L’ultimo romanzo di Lidia Yuknavitch, “La cronologia dell’acqua” (Nottetempo), presentato il 9 ottobre a Portici di Carta, è una raccolta di memorie dell’autrice, che trova un filo conduttore nella funzione salvifica dell’acqua e nel dialogo tra intelletto e corpo. La scrittrice interroga le parti del suo corpo, cercando tramite queste di ricostruire la sua storia: una storia fatta di violenza, lutto, dolore, ma anche di rinascita, redenzione e perdono.
Sulla vita dell’autrice hanno ampiamente influito le violenze fisiche e verbali perpetrate dal padre nei confronti suoi e della sorella. Proprio in questa traumatica compagine si inserisce l’acqua, per lei fonte di salvezza. È infatti grazie alla sua carriera agonistica nel nuoto che trova la possibilità di allontarsi dalla casa paterna e iniziare il suo tortuoso processo di guarigione. “All’acqua non interessa se sei grassa o magra, bella o brutta, stupida o intelligente, vecchia o giovane. Quando sono in acqua sento di avere la possibilità di liberarmi delle pressioni sociali che non sento mie“: con queste parole Yuknavitch chiarisce il ruolo dell’acqua nella sua vita.
Ancora, l’acqua è riuscita a liberare l’autrice dal peso opprimente dell’odio. A tal proposito, racconta l’episodio del salvataggio del padre, che rischiava di affogare nell’oceano. “Io ero lì, e potevo scegliere di non salvarlo. Ma alla fine l’ho fatto, perché non potevo lasciarlo lì, nonostante io lo odiassi e lo volessi morto […] È stato un modo per lasciare andare la mia rabbia”.
L’acqua è movimento e continuo scorrere, per questo viene metaforicamente associata all’idea dell’immaginazione senza limiti, di uno spazio libero per l’espressione di se stessi.

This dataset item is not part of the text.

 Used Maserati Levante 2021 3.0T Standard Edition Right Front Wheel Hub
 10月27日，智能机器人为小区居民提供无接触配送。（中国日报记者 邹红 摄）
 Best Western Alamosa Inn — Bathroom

Un altro motivo ricorrente nel libro e su cui Yuknavitch insiste è quello dei corpi, corpi che portano con sé e su di sé storie ed esperienze, le quali hanno un valore intrinseco solo per il fatto di esistere e dunque devono essere raccontate. Lidia Yuknavitch non vuole che la si ritenga speciale per ciò che ha vissuto e per il fatto di averlo raccontato in un libro, ma vorrebbe dare l’esempio. “Dovrebbero esserci tante storie quanti sono i corpi, poiché ogni corpo e ogni parte di esso porta con sé una storia.” L’invito dell’autrice è di decostruire le monostorie su temi come la violenza, il lutto e la dipendenza e, invece, di dare spazio a molteplici racconti e punti di vista, di cui ognuno di noi è portatore e potratrice.